Оставаясь безмятежным и выражением лица и позой, Святой Аспект-Император выдержал паузу, словно бы убеждаясь, что до конца выслушал перебившего его нелюдя. У всех, собравшихся сегодня на поле Угорриор, перехватило дыхание, ибо, казалось, будто Келлхус в миг сей воссиял светом в каком-то смысле слишком глубинным для человеческих глаз. Там, в тени чудовищных каменных стен, стоял Воин-Пророк — презренное дитя…которое, вне всяких сомнений, было кем-то большим и гораздо более могущественным.
Он пожал плечами и воздел руки, оторвав ладони от бёдер. Золотые ореолы вспыхнули вокруг расставленных пальцев.
— Я, — сказал он, — лишь сосуд Господа.
Кетъ'ингира какое-то время, показавшееся всем чересчур долгим, глумливо хихикал.
— О нет, Анасуримбор, ты нечто намного, намного большее…
И тут раздался могучий звон множества тетив. Мириады отрицаний Сущего взмыли в воздух, сорвавшись с чёрных парапетов. Выпущенные из шранчьих луков, они летели сначала вверх, а потом вниз, устремляясь к выжженному нелюдем на земле кругу… и обрушиваясь на этот клочок Угорриора, словно свирепое градобитие.
Но Святого Аспект-Императора там уже не было.
А Кетъ'ингира поднял взор к небесам, вглядываясь в точку, располагавшуюся чуть выше палящего белого солнца.
Ибо оттуда на чёрную цитадель с рёвом низвергались сифранги.

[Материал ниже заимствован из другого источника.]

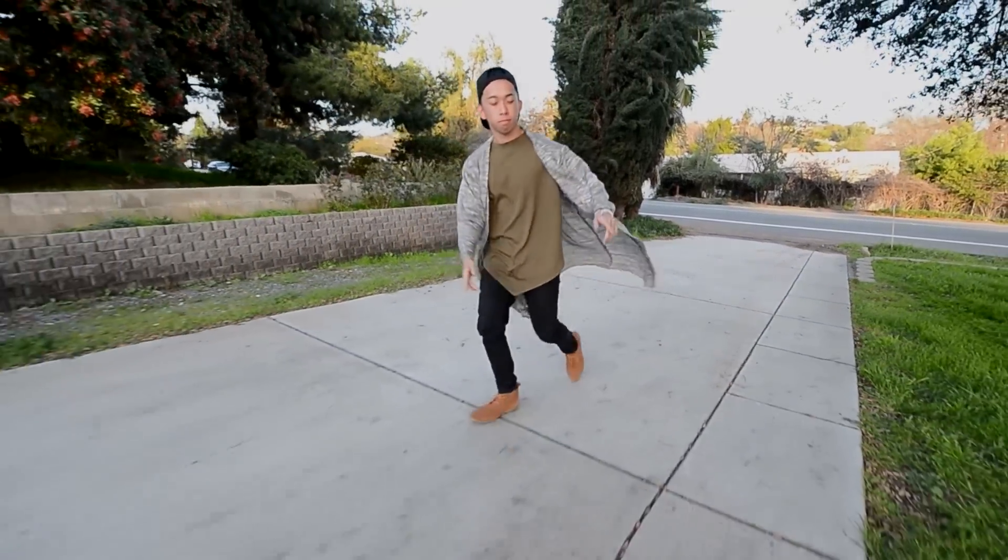This video is brought to you by... What's up everybody?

Словно бы вырвавшись из ослепительно-белого колодца солнца, они с оглушающим визгом устремлялись вниз — вызванные из Преисподних демоны, соединённые с пыткой Сущего чарами жестокими и хитроумными. Пускарат, Мать Извращёний; разевающий свою громадную пасть непотребный Хишш-Чревоугодник, перемещающийся неуклюже, словно огромная пылающая груда овеществлённого гниения; чудовищный Хагазиоз, Пернатый Червь Ада; необъятный Годлинг, туша которого могла по размерам сравниться с двумя поставленными в ряд боевыми галерами; могучий Кахалиоль, Жнец Героев, облачённый в доспехи из славы и проклятия; ужасающий Урскрух, ненасытный Отец Падали, изблёвывающий в Мир мор и чуму — и две дюжины других призванных из бездны гнусных сифрангов, рабов Даймоса, марионеток Ийока и его собратьев по колдовскому ремеслу. Сифранги широко распростёрли свои прежде сложенные крылья, стремясь зачерпнуть ветер и немного замедлить спуск, а затем набросились на Гвергирух, визжа и скрежеща диким хором, сжимающим глотку и колющим слух, перебирающим каждый тон в музыке, играющей на человеческом ужасе. Мгновением спустя они уже оказались над Забытьём, направляясь к основанию Высокого Рога, где с новым жутким визгом устремились к бастионам Высокой Суоль, пробивая, будто рухнувшие с неба железные шары, этажи и ярусы крепости, выжигая вмурованные в её стены защитные Обереги…
Мужи Ордалии, ошеломлённо моргая и глядя вослед чудовищам через парапеты Коррунц, наблюдали за тем, как всполохи пламени расцветают на туше Высокой Суоль. Но, стоило одному-единственному человеку издать радостный вопль…и весь Угорриор в ответ разразился гремящим ликованием, рёвом, который, казалось, исходил от единого существа — такова была выражаемая им страсть, таков был пыл, охвативший их всеобщим порывом.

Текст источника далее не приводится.